In 1983, Gan set up the village's first factory, producing copper and other metal products. For the factory to succeed, Gan had to establish supply lines with faraway mines in western China and win customers among big state-run firms in Shanghai. At first, each business trip was a trial, since Gan was often turned away as a "country bumpkin."

"I couldn't speak [the Shanghai dialect] well, so some people in Shanghai refused to talk to me. But this had a good side; it helped me discover my weaknesses," he says.

The only advantage of coming from the countryside, Gan jokes, was his ready access to the rice, plump chickens, and watermelons that helped smooth deals with city factory directors.

Gan's skill in "breaking open the outside door" to generate business saw the village-run factory's profits increase 20-fold and workforce grown 10-fold by last year. The factory, now the largest in the community, has contributed funds to build roads, bridges, and install running water, natural gas, and closed-circuit television in the village, further boosting Gan's prestige.

Today, although Gan has never served as an official in his village, he enjoys far higher status than the local Communist Party secretary and government leaders, who often consult him before making decisions, villagers say.

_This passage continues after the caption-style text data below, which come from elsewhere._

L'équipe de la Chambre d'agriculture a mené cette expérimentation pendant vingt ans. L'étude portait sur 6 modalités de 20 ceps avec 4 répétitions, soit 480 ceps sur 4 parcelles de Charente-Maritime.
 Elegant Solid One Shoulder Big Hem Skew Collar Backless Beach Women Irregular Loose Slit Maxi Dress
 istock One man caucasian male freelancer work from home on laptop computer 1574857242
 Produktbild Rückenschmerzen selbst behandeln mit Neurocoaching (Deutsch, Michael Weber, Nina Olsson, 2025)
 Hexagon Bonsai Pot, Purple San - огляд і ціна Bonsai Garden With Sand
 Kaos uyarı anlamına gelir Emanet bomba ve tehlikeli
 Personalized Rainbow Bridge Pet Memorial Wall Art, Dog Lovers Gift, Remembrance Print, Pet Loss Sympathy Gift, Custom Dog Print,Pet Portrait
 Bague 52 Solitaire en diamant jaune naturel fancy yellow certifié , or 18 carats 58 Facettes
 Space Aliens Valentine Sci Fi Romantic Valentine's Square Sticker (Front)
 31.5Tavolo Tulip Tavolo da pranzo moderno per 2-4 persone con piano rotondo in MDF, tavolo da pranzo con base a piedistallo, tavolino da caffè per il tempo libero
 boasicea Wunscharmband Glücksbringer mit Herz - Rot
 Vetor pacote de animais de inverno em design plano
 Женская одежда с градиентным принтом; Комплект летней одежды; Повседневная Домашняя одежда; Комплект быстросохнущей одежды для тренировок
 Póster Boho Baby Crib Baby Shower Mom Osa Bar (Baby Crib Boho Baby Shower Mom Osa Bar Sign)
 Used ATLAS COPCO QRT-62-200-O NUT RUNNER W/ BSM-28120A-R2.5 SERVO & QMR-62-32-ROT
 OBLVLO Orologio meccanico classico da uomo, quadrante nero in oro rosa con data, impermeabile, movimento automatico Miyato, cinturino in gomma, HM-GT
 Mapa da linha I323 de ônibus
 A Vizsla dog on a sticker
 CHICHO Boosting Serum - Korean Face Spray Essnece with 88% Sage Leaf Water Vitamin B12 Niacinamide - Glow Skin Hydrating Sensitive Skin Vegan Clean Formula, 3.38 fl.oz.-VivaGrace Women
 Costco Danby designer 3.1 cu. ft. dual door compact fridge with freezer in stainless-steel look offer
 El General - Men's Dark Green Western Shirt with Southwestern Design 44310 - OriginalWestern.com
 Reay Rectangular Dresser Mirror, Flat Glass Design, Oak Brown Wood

Last year, township officials who oversee his village recruited him as a cadre. But Gan openly voices his distain for bureaucrats.

"In the government, we actually only work about two hours a day. Too many officials are just commentators. Only a few accomplish anything," he chides.

To keep busy, Gan has continued doing what he does best: making money. Through his former business contacts, he trades in commodities and stocks in Shanghai and is considering setting up his own company.

One recent day in Shanghai, Gan was on the telephone borrowing more than $1 million from a friend at a state-run factory to speculate on copper, which was rising rapidly in value.

"I am an official now, but since the markets have been opened up I can deal in anything but guns and drugs," he says. "Naturally, as a cadre I can't go stand in line to buy stocks; I call up other people to buy them for me."

With a large, 10-room, three-bath house, access to a car and driver, and frequent nights of karaoke with his high-powered city executives, Gan enjoys many personal benefits from his success.

But beyond such perks, Gan remains committed to staying in his village of fish ponds, mulberry trees, and rice paddies, still loyal to the ideal of improving life where he grew up. "Here, what I say counts," Gan says.